Suhadi wanted to tell the lawmakers the same thing he told them in two previous visits to Capitol Hill: that the palm trade, driven by American investment, is slowly killing his country. “It’s important for you to understand that all acts of deforestation in Indonesia start with a signature,” he said. “And more than a little of it starts right here.” …

The connection matters because the Salim Group has benefited from more than $1.5 billion in loans and capital from foreign investors, including the American firms BlackRock and Vanguard, and Salim companies have pledged that their palm oil is not a product of recent deforestation or peatland destruction. Satellite images from 2017 confirmed that the forests on the Sintang plantations were now virtually gone.

If we’re going to turn around the deforestation crisis and its huge contribution to the climate crisis, we need to fundamentally transform capitalism. One way to attack the problem is to force a shift in the business practices of the largest investment firms — the likes of Vanguard and BlackRock, which manage assets in the trillions and have millions of clients worldwide. Despite increasingly loud lip service to sustainability, BlackRock is the largest U.S. investor in the palm oil sector, and the largest investor in climate destruction on earth.

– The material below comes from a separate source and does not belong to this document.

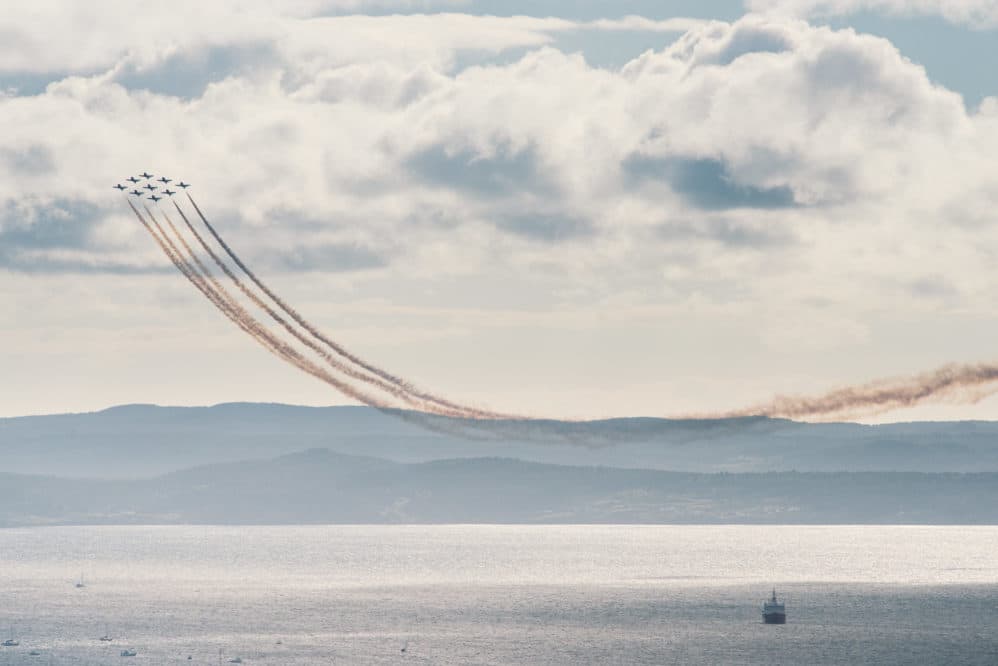 Snowbirds flying together over CBS in Newfoundland.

That’s why our new campaign addresses both fossil fuels and deforestation — the twin drivers of the climate disaster — by tackling BlackRock’s Big Problem head-on.

Highlighting BlackRock’s Big Problem at the San Francisco RISE for Climate March, Sept. 2018.

BlackRock’s big problem, and U.S. policymakers’ big problem, is all of our big problem. As Lustgarten writes at the end of the Times piece:

“The central problem, of course, is that the goals of Paris — slowing planetary warming just enough to allow humans time to adapt to excruciating and inevitable changes, including flooding coastlines, stronger hurricanes and perpetual famine and drought — are unlikely to ever be achieved without stopping deforestation. The planet’s forests have the potential to sequester as much as a third of the carbon in the air.”

In our view, the single best way for us in the U.S. to do our part is to ramp down our energy use, reduce our consumption of luxury goods — including the junk food and cosmetics that use the bulk of palm oil in the U.S. market — and to take every step we can to defund deforestation. And all of this, of course, begins with taking an eyes-wide-open view of the problems fueling the climate crisis — which is why we’re so pleased to see the issue covered in such depth by this past Sunday’s New York Times.